|This article needs additional citations for verification. (August 2008)|
'Freeze frame' is also a drama medium term used in which, during a live performance, the actors/actresses will freeze at a particular, pre-determined time, to enhance a particular scene, or to show an important moment in the play/production like a celebration. The image can then be further enhanced by spoken word, in which each character tells their personal thoughts regarding the situation, giving the audience further insight into the meaning, plot, or hidden story of the play/production/scene. This is known as thought tracking, another drama medium term.

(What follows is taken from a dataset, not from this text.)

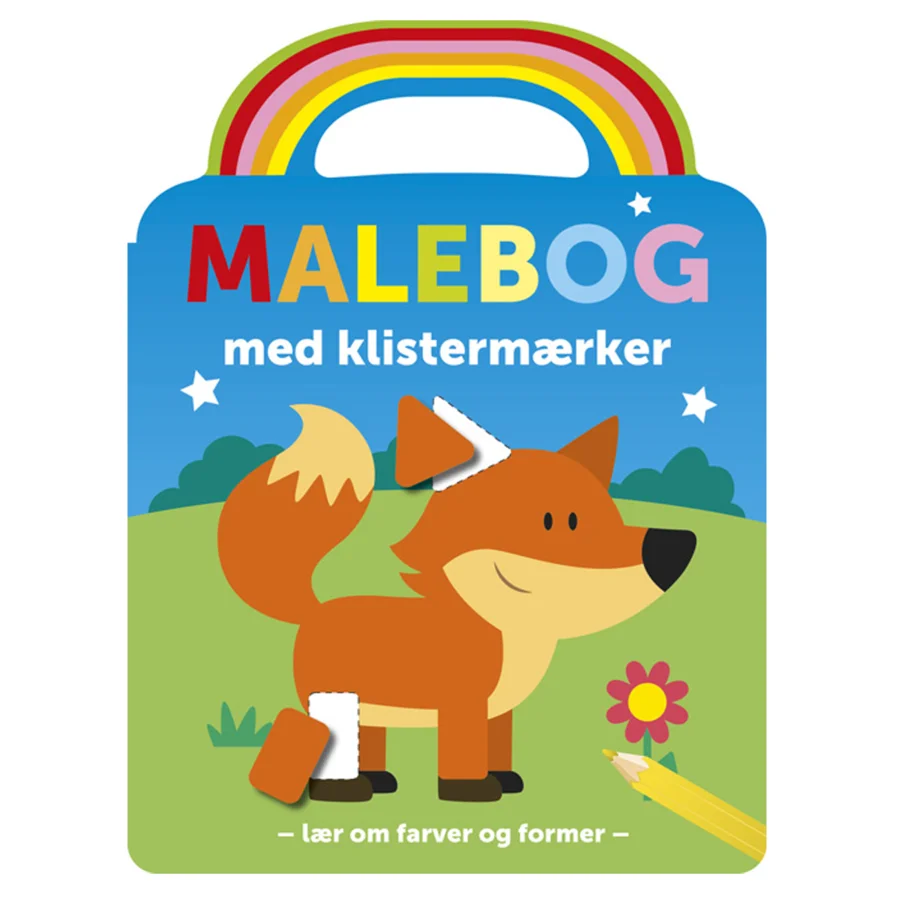 Malebog med håndtag og klistermærker, Ræv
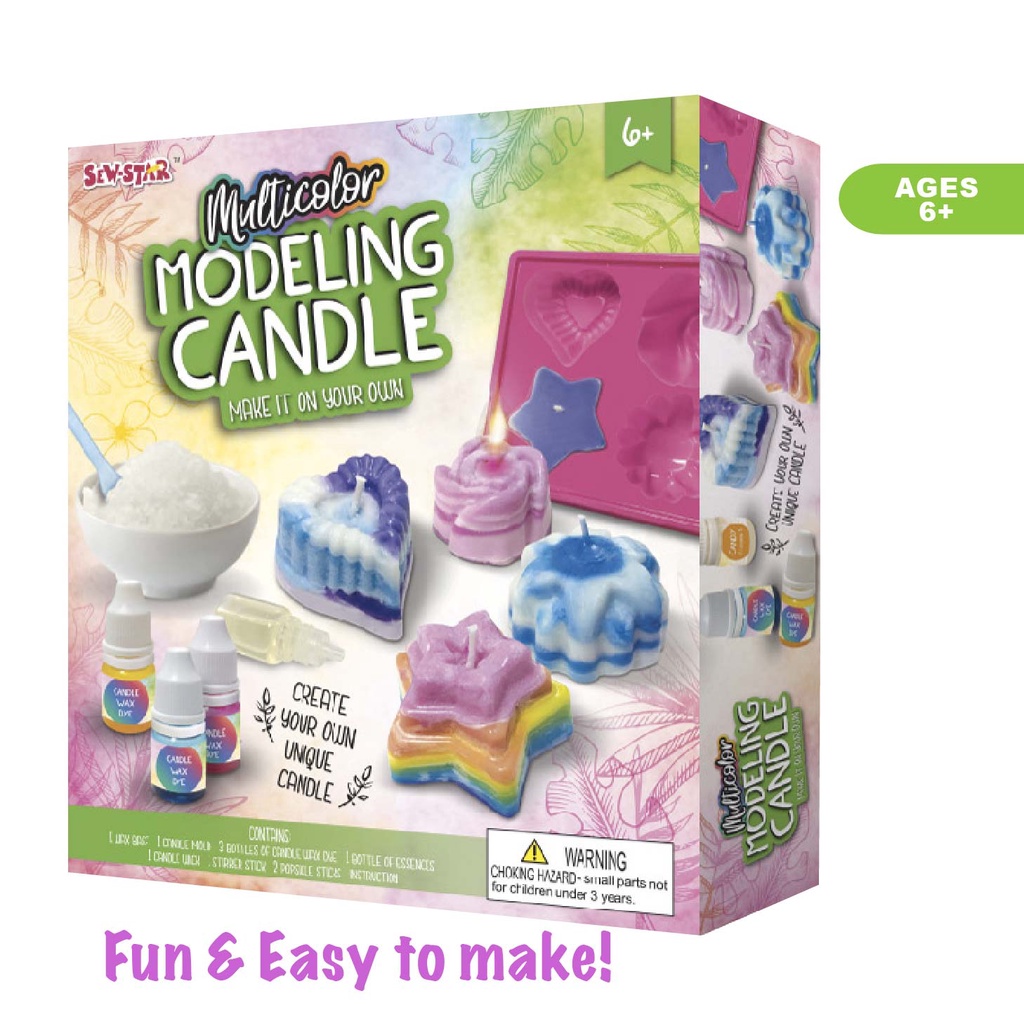 DIY CANDLE Making Kit- AGE 6+, STEM, Kids crafts, STEM, Kids art and crafts, craft, Kids toys, Kid crafts, craft kit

A memorable freeze frame is the end of François Truffaut's 1959 New Wave film The 400 Blows. Director George Roy Hill frequently made use of the technique when depicting the death of a character, as in The World According to Garp (1982) and in the memorable ending to the classic western Butch Cassidy and the Sundance Kid (1969), with Paul Newman and Robert Redford.
Hong Kong director John Woo also makes extensive use of freeze frames shots, usually to gain a better focus on to a character's facial expression or emotion at a critical scene. An early use of the freeze frame in classic Hollywood cinema was Frank Capra's 1946 Christmas film It's A Wonderful Life where the first appearance of the adult George Bailey (played by James Stewart) on-screen is shown as a freeze frame. This technique is used quite a lot in the 2003 film Pieces of April; the director uses this to capture special moments that are considered particularly significant.
The 1970s television series of Wonder Woman had its episodes end with a freeze-frame of Diana Prince smiling.
The American TV show NCIS, which is a spin-off of the military series JAG, is known for its utilization of freeze-frame shots, more commonly referred to as "phoofs" or "foofs" due to the sound effect that accompanies them, which is caused by NCIS's creator and Executive Producer Donald P. Bellisario hitting a microphone with his hand although it sounds like a light-bulb exploding. These "phoofs", which are short black and white frames that reveal an event that will occur later in its episode, usually last for three seconds. It has been suggested that these "phoofs" are used as a method of building suspense. They originally began in the fourth episode of the second season of NCIS, "Lt. Jane Doe", and have been featured in every episode since then with a standard NCIS episode often containing a total of four or five phoofs which not only include the main characters but sometimes one-off or recurring characters as well.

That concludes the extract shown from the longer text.